I felt his hand tremble on my arm. He had caught her look, and it angered him. Well, it had angered me, as well.
We were seated near the middle of the long table, guests but not honored guests. So much the better. I would not have enjoyed conversing with the Princess. Or with the Prince. We ate a salmi of duckling, fresh fruit, roast venison, bananas (grown, so the Prince said, in the conservatory), salad, river salmon, and finally a soup of almonds and chicken and lemons. I asked my table companion to my left, an aged baron, if dinners in Marvella always ended with soup and was told that they did. “Always with something warm and liquid, to fill any holes previously unfilled, my dear.” I remembered a dinner I had eaten when I was young, in Chinanga, with Don Masimiliano. Had that been any less real than this?

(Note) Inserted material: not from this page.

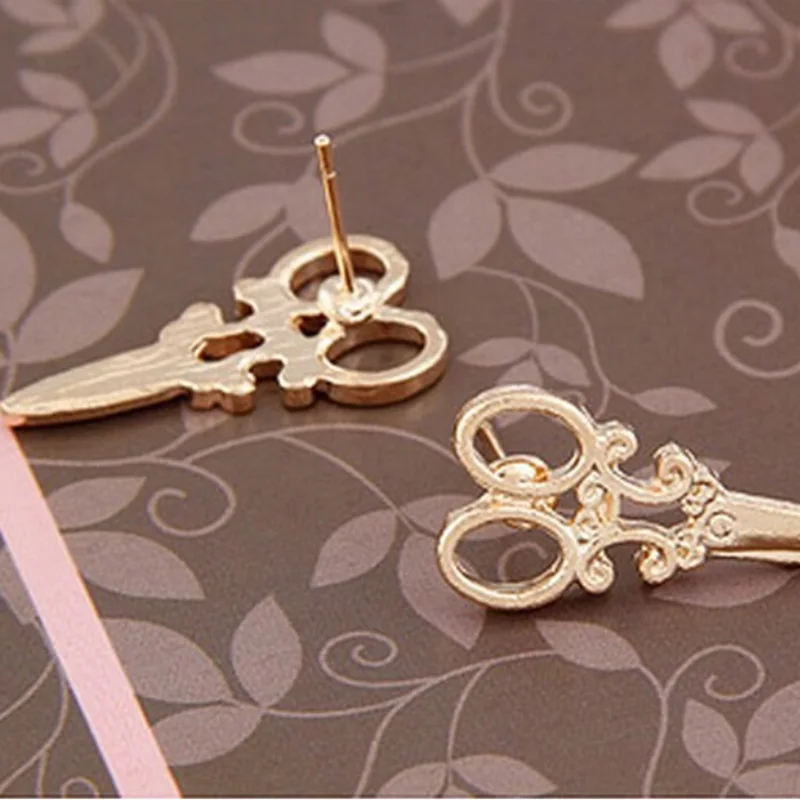 1Pair Unique Scissors Shape Ear Stud Colors Punk Design Women Jewelry Women Girls Fashion Earring Accessories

We drank wine. I watered mine and kicked Giles, on my right, until he watered his. My left-hand companion was watching me closely, and I murmured something about no longer having the head for wine we had had in our younger years. He was as white headed as I, so we talked about that.
“I’ve outlived all my generation,” he mumbled. “Charme’s father, Prince William, was younger than I by a couple of years, but I outlived my half brother.”
I had heard his name and title, but had not made the connection. “You’re His Highness’s uncle,” I said. “I’m sorry, I didn’t realize …”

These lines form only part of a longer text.